Task directions —
Drop the pictures and repeat exactly from the "醫藥中間體進口清關一般貿易進口常見問題 醫藥中間體進口清關一般貿易進口常見問題" line down to the last line of the entries below.

(Caption-style text data)
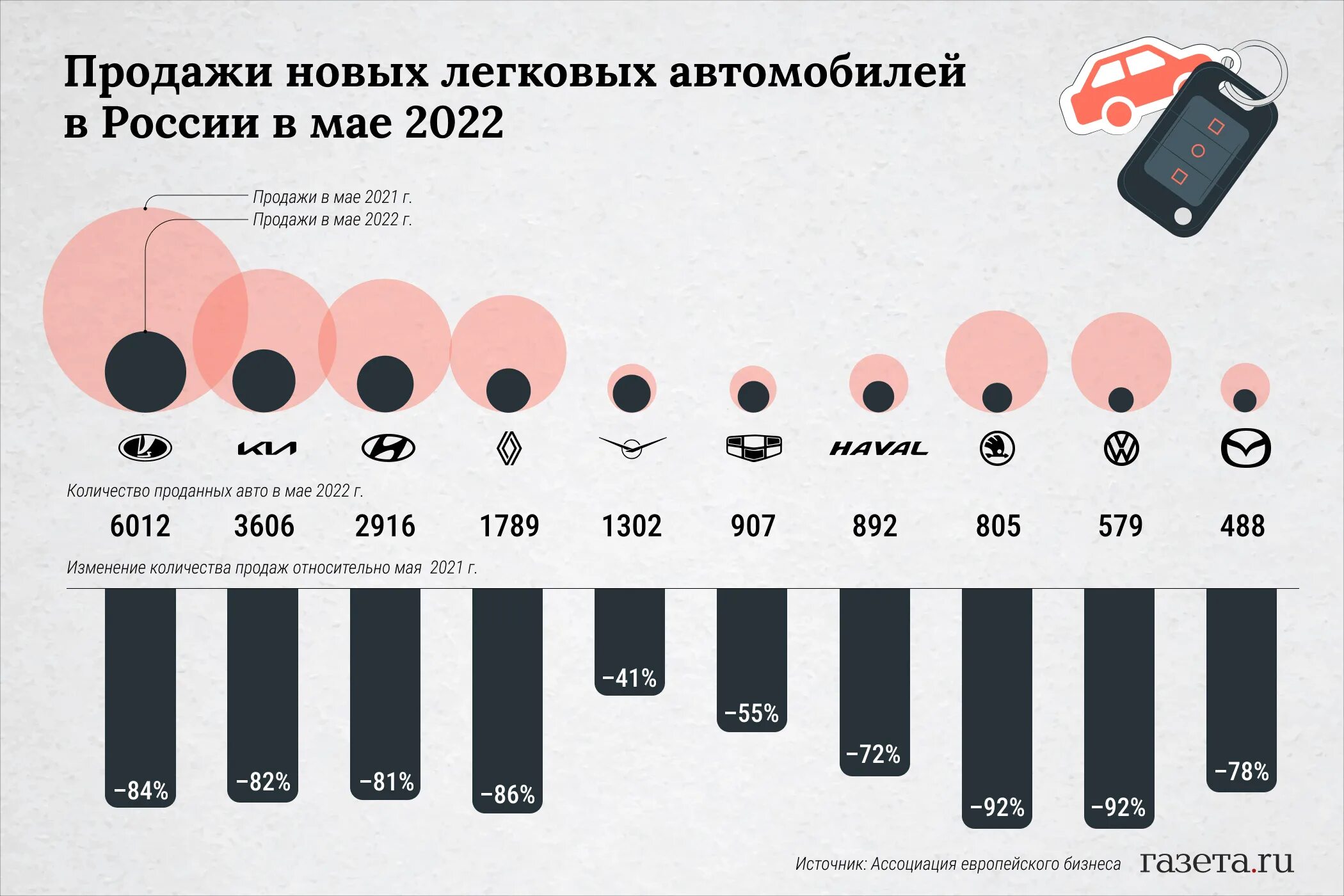 Продажи легковых автомобилей в мире в 2022. Статистика продаж автомобилей в России май 2022 2021. Продажа легковых машин по месяцам 2017 г. в РФ Кол во ед.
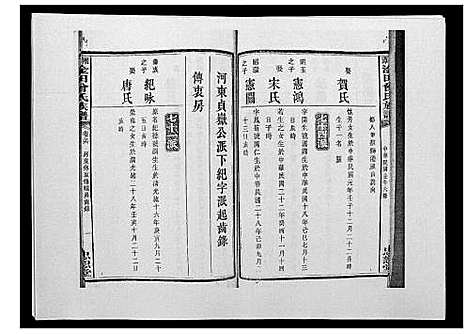 [下载][湘潭淦田曾氏族谱]湖南.湘潭淦田曾氏家谱_二十.pdf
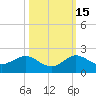 Boca Chita Key tide chart for Friday, October 15, 2021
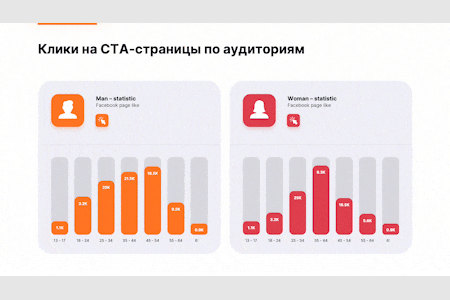Пример анимированного слайда: «Клики на CTA-страницы по аудиториям» — столбчатые диаграммы мужчин и женщин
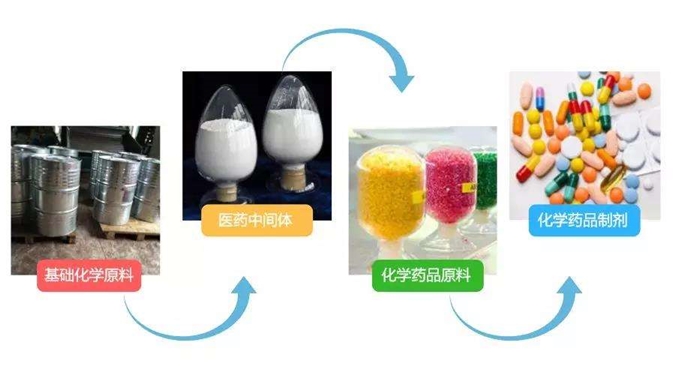 醫藥中間體進口清關一般貿易進口常見問題 醫藥中間體進口清關一般貿易進口常見問題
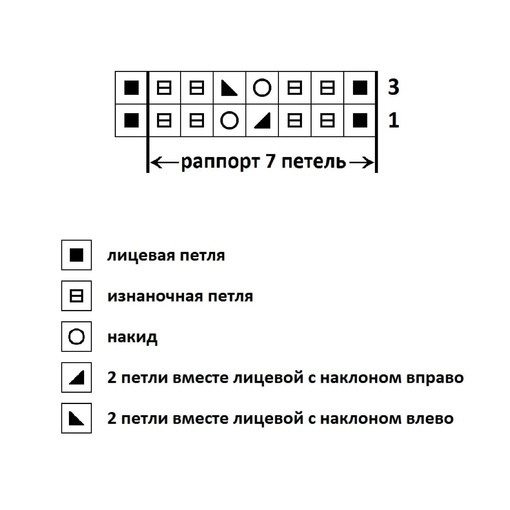 Узор спицами для кардигана, кофты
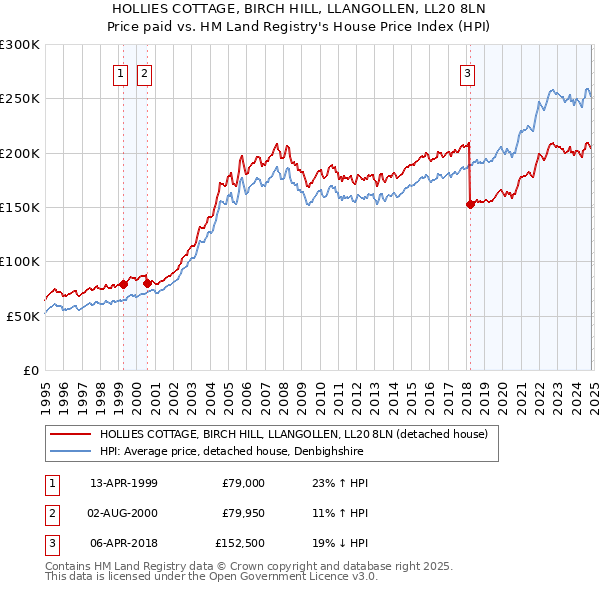 HOLLIES COTTAGE, BIRCH HILL, LLANGOLLEN, LL20 8LN: Price paid vs HM Land Registry's House Price Index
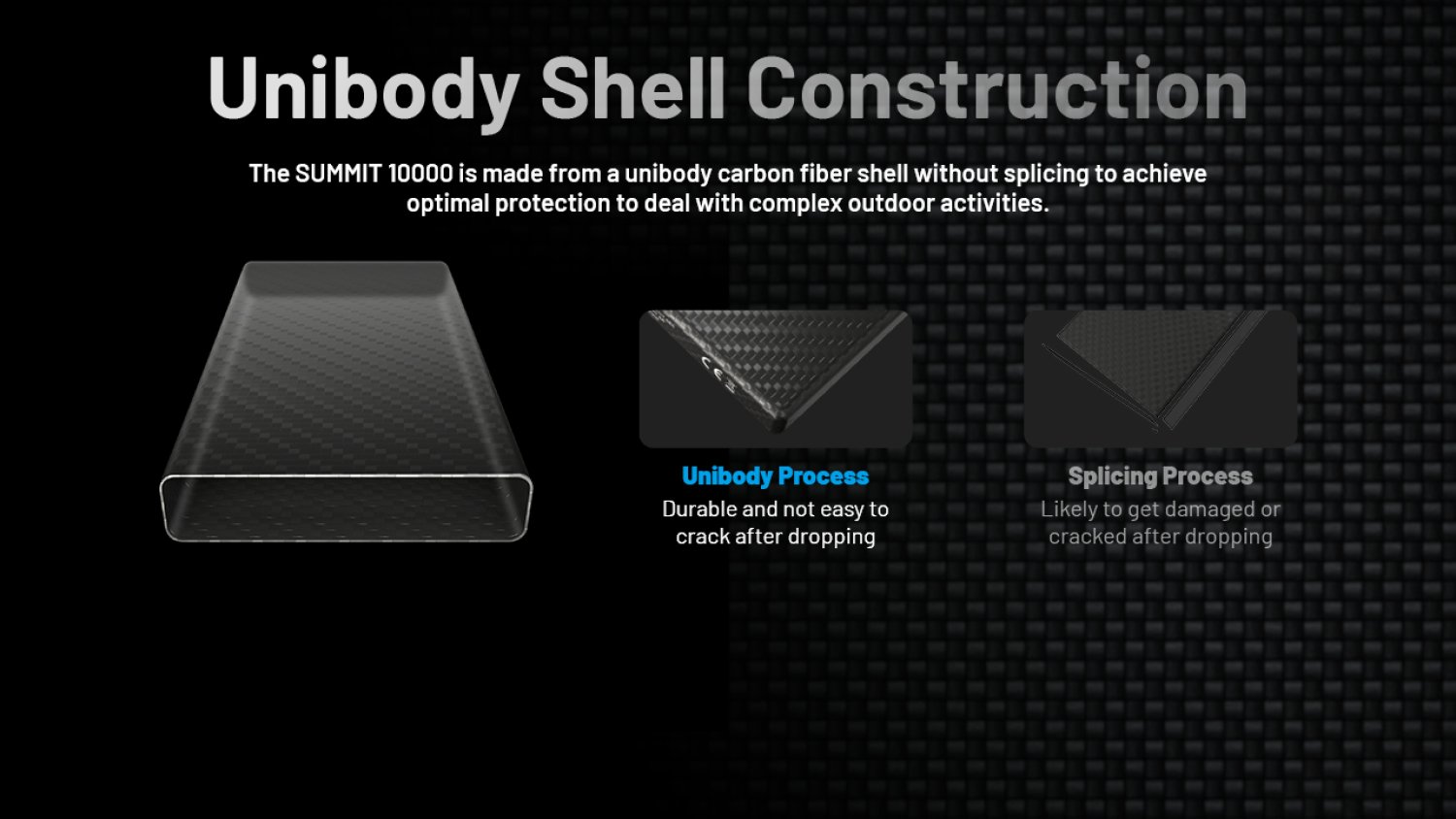 Nitecore SUMMIT 10000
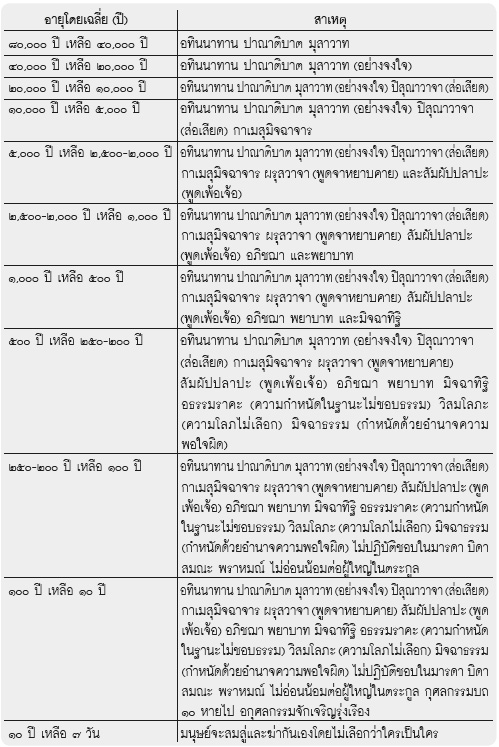 DOU ความรู้สากล เรื่อง : พระมหาวุฒิชัย วุฑฺฒิชโย ป.ธ.๙  กลวิธีแก้ไขความผันแปรของสภาพอากาศโลก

Task response —
 醫藥中間體進口清關一般貿易進口常見問題 醫藥中間體進口清關一般貿易進口常見問題
 Узор спицами для кардигана, кофты
 HOLLIES COTTAGE, BIRCH HILL, LLANGOLLEN, LL20 8LN: Price paid vs HM Land Registry's House Price Index
 Nitecore SUMMIT 10000
 DOU ความรู้สากล เรื่อง : พระมหาวุฒิชัย วุฑฺฒิชโย ป.ธ.๙  กลวิธีแก้ไขความผันแปรของสภาพอากาศโลก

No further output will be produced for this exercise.